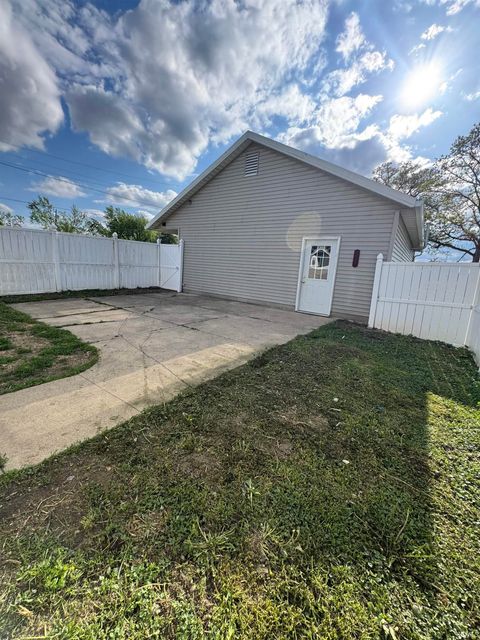Tiny photo for 202 Shadyside Street, Dunkirk, IN 47336 (MLS # 202615703)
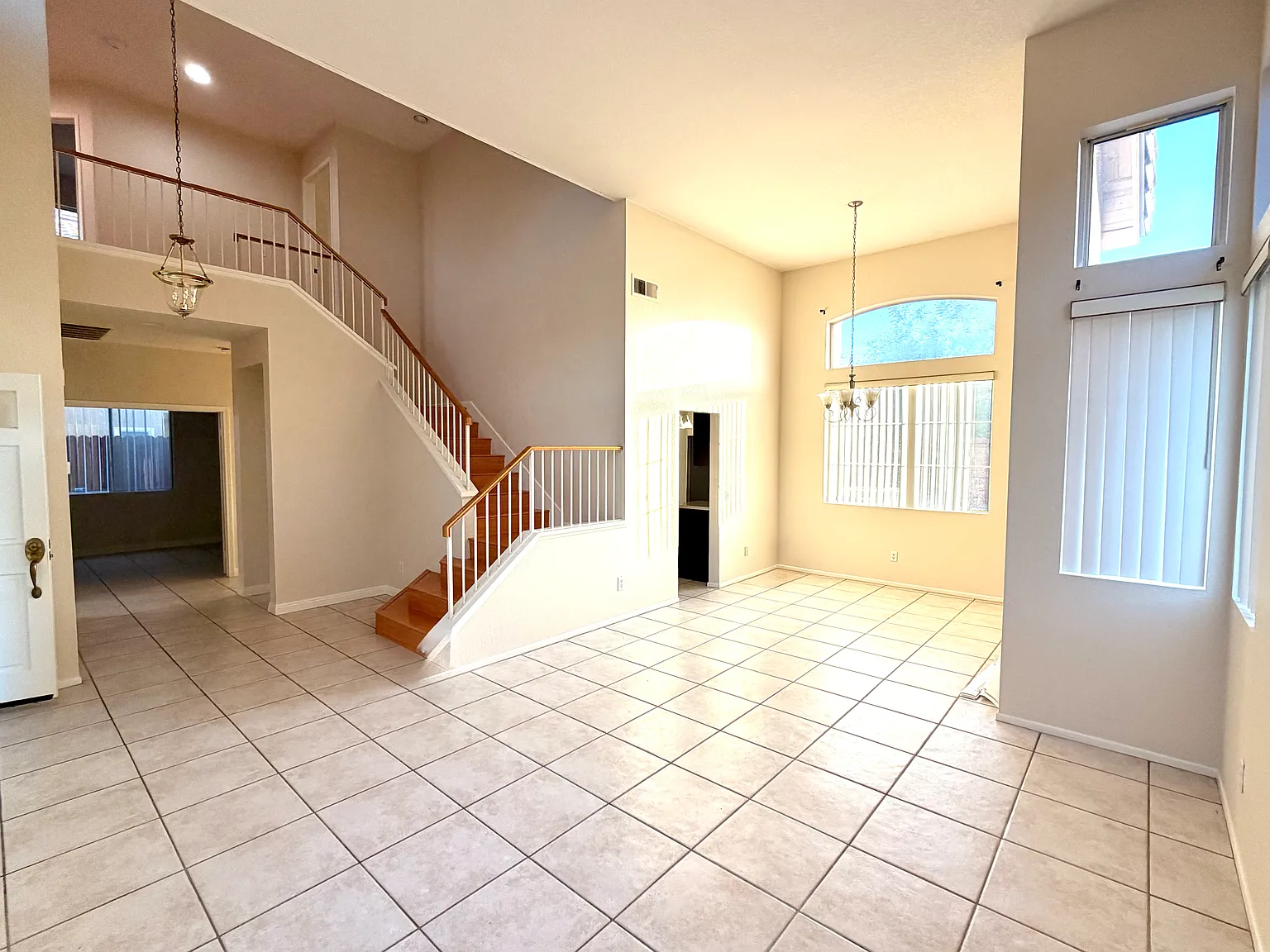 4 bed, 1974 sqft, $3,500 — Photo 3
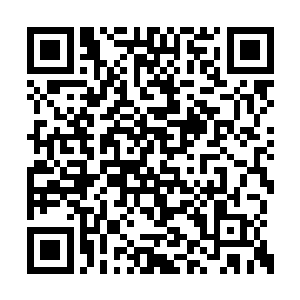 虹彩衣还是赶紧和一旁的虹云妮传音说了说此事二维码生成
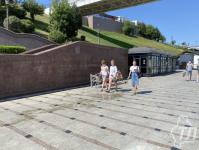 Мужчины в тельняшках на мосту Влюбленных дарили тюменкам розы и медицинские маски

PROBLEM DETAILS:
In copying the listing, reproduce each line exactly and omit the pictures.

TASK SOLUTION:
Tiny photo for 202 Shadyside Street, Dunkirk, IN 47336 (MLS # 202615703)
 4 bed, 1974 sqft, $3,500 — Photo 3
 虹彩衣还是赶紧和一旁的虹云妮传音说了说此事二维码生成
 Мужчины в тельняшках на мосту Влюбленных дарили тюменкам розы и медицинские маски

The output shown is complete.